Funktionsfähigkeit der Rechtspflege durch Tonaufnahmen nicht beeinträchtigt
Die Begründung des LG, die Funktionsfähigkeit der Rechtspflege sei durch das Verhalten der Beschwerdeführer beeinträchtigt, könne zwar beim rechtswidrigen Abhören einer geheimen richterlichen Beratung einschlägig sein, nicht aber bei Gesprächen zwischen dem Gericht und einer Partei in der Sitzungspause unter Anwesenheit der Öffentlichkeit.
LG muss erneut entscheiden
Das BVerfG verwies das Verfahren über das Befangenheitsgesuch an das LG zurück.

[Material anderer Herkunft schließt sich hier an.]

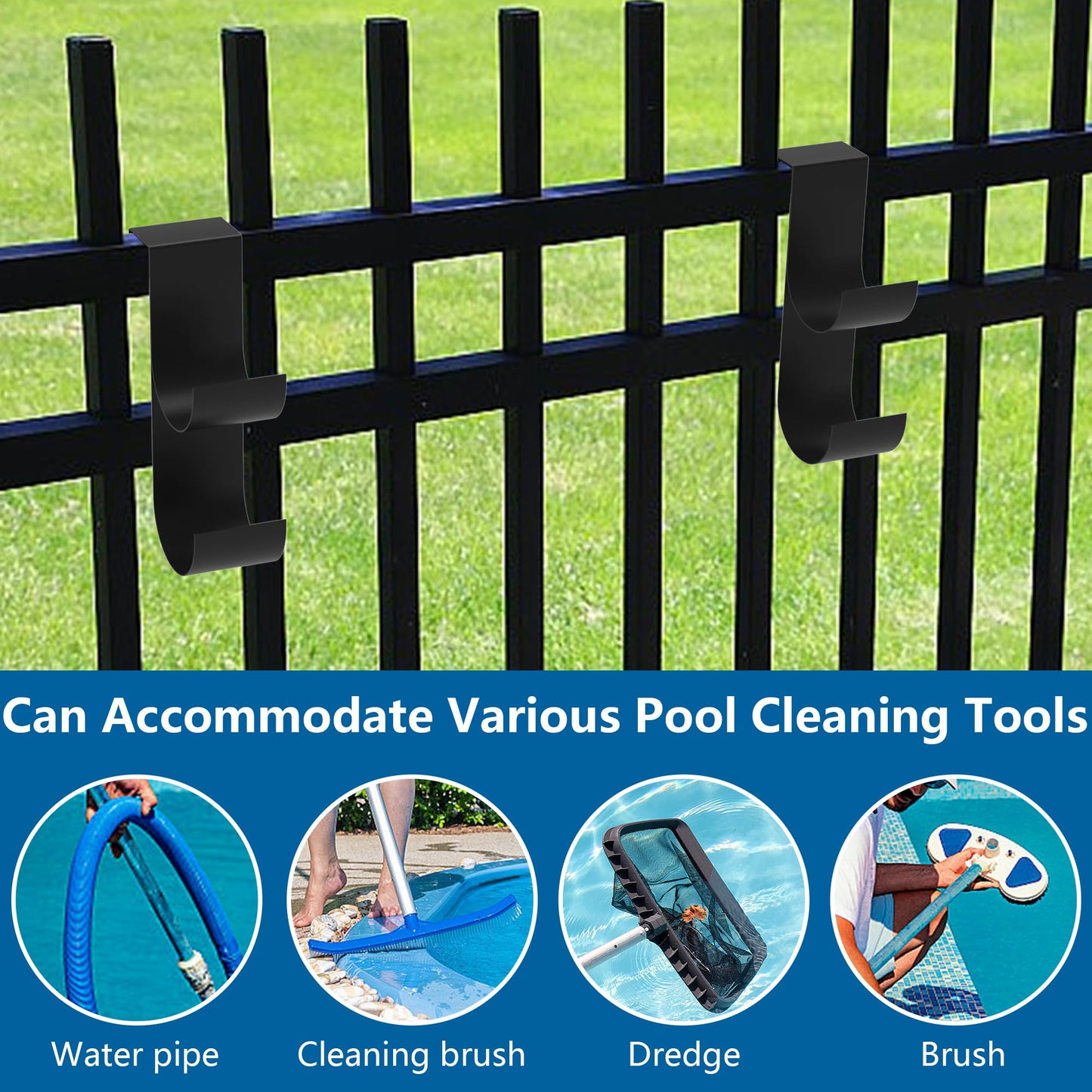 codree 4 Pcs Pool Fence Hooks for Pool Equipment, Black Heavy Duty Fence Hooks for Pool Poles, Slipe-on Fences Hanger for Pools Hose Pools Skimmer, Fit 3/4 Inch to 1-1/4 inch Railing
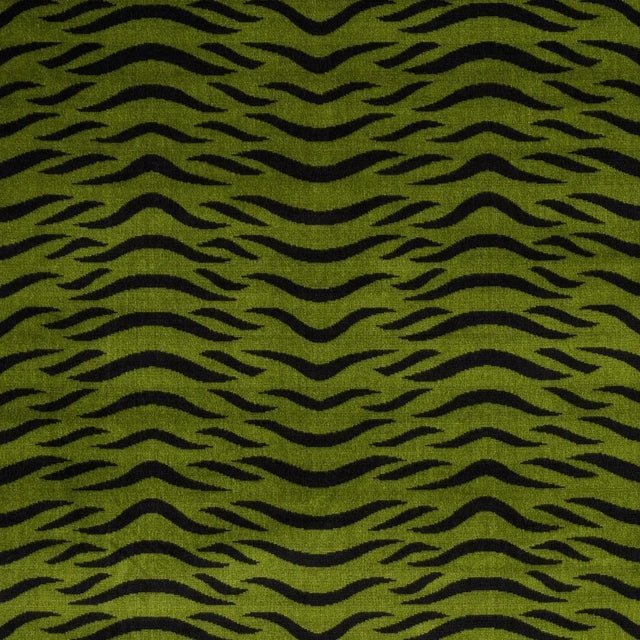 Schumacher Sabi Tiger Velvet Fabric in Jungle For Sale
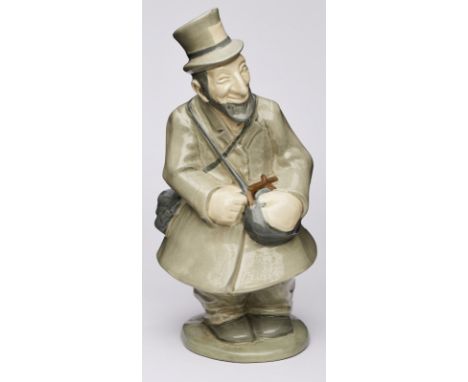 Geldverleiher, Jugendstil,Wächtersbach um 1908/10. Aus d. Serie d. "Automobilisten". Heller Scherben, pastell staffiert. Stan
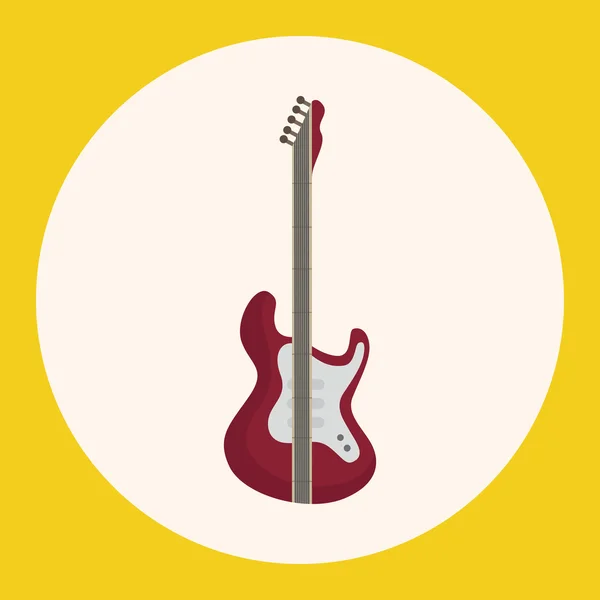 Instrumento elétrico guitarra cartoon tema elementos ícone elemento —  Vetores de Stock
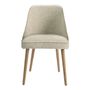 Chaises - Chaise MARCUS tissu jacquard de velours sable  - BLANC D'IVOIRE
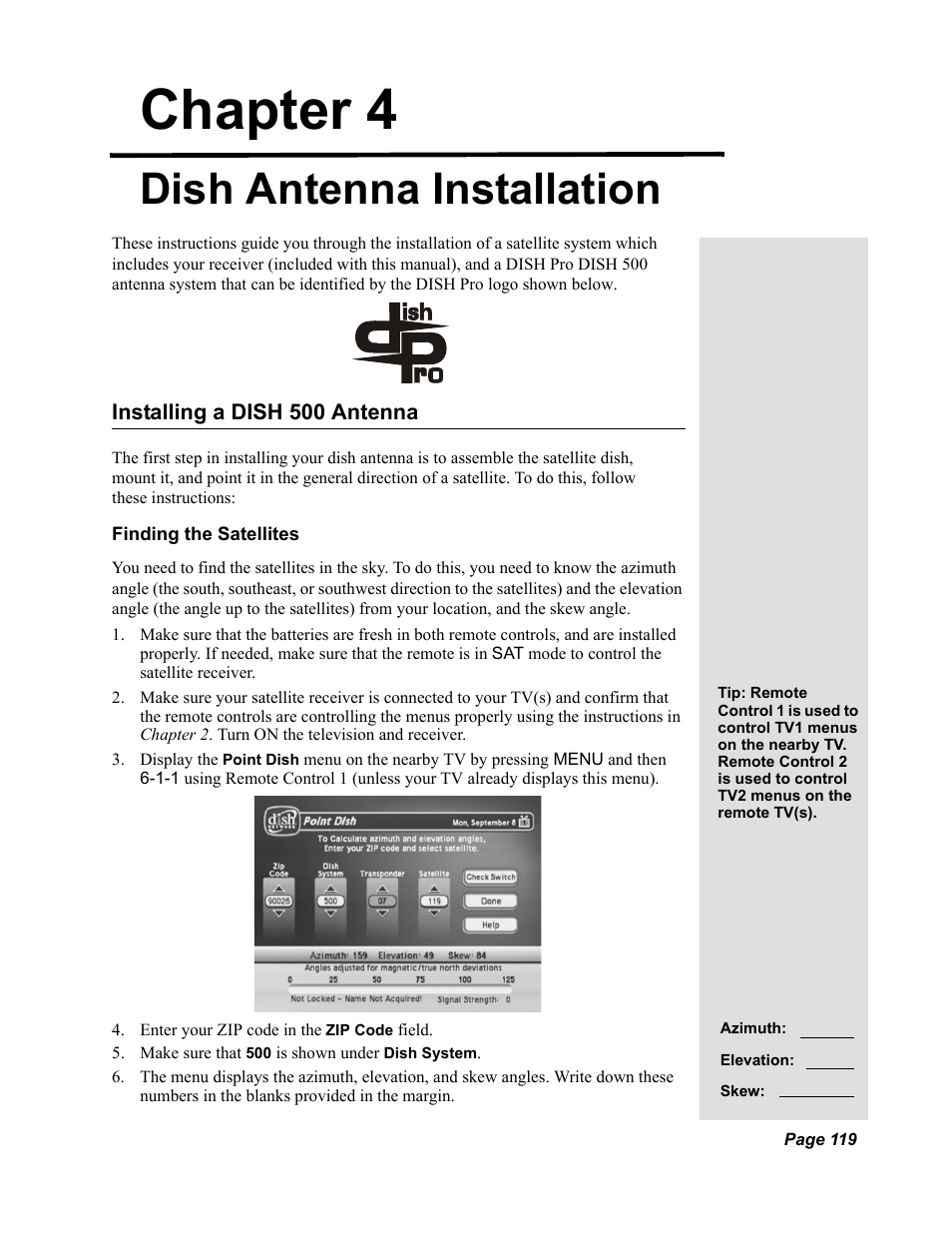 Chapter4, Chapter 4 - dish antenna installation, Chapter 4 | Dish antenna installation | Dish Network DuoDVR 625 User Manual | Page 124 / 179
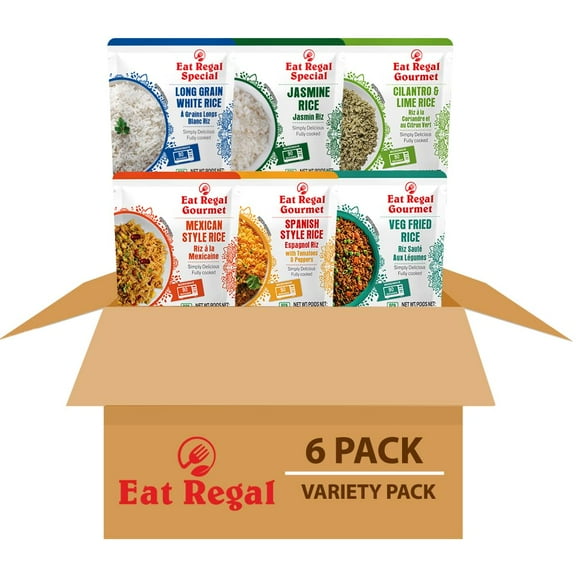 Eat Regal Rice 6 Flavor Variety Pack of 6, 8.8oz Jasmine, Spanish, Long Grain White, Cilantro & Lime, Mexican, and Veg Fried Rice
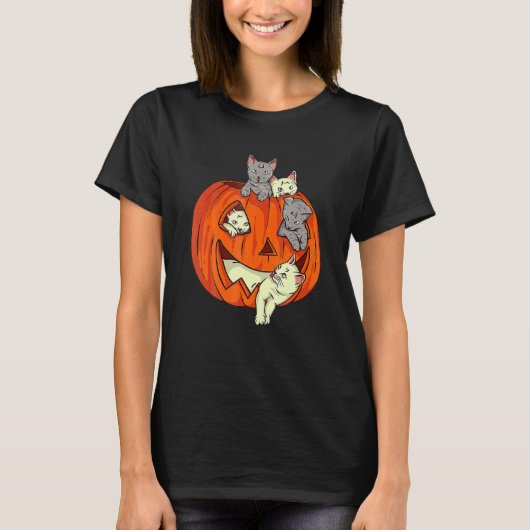 Cute Cat Pumpkin Carved Jack O Lantern Cat Hwe T-shirt (Voorkant)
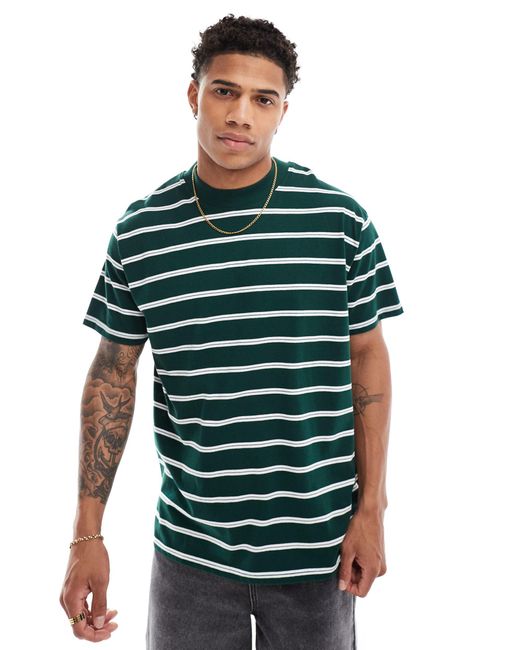 Brave Soul Green Oversized High Neck Stripe T-shirt for men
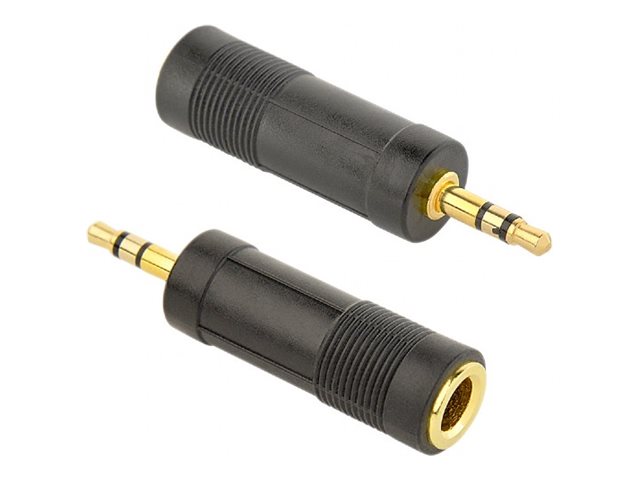 Cablexpert - Lyd Adapter - 6,35 Mm Lydstik Hun Til 3,5 Mm Audiostik Han - Sort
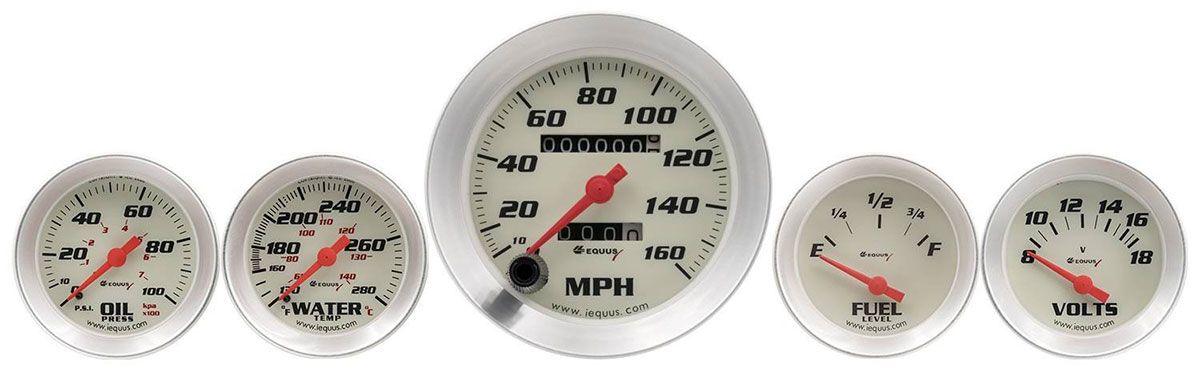 Autometer Equus 5 Gauge White Face Kit (AUE8500) AUE8500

Das LG habe bei seiner weiteren Entscheidungsfindung davon auszugehen, dass die Funktionsfähigkeit der Rechtspflege durch das Verhalten der Beschwerdeführer nicht beeinträchtigt sei und in eine erneute Abwägung darüber einzutreten, ob unter Berücksichtigung des allgemeinen Persönlichkeitsrechts der anwesenden Parteien, der Anwälte, der anwesenden Schüler und Studenten sowie der Mitglieder der Kammer einerseits und des verfassungsrechtlich geschützten Interesses der Beschwerdeführer auf den gesetzlichen Richter andererseits, sich die Verwertung der heimlich gefertigten Tonaufnahme verbiete oder nicht.
(BVerfG, Beschluss v. 30.9.2020, 1 BvR 495/19).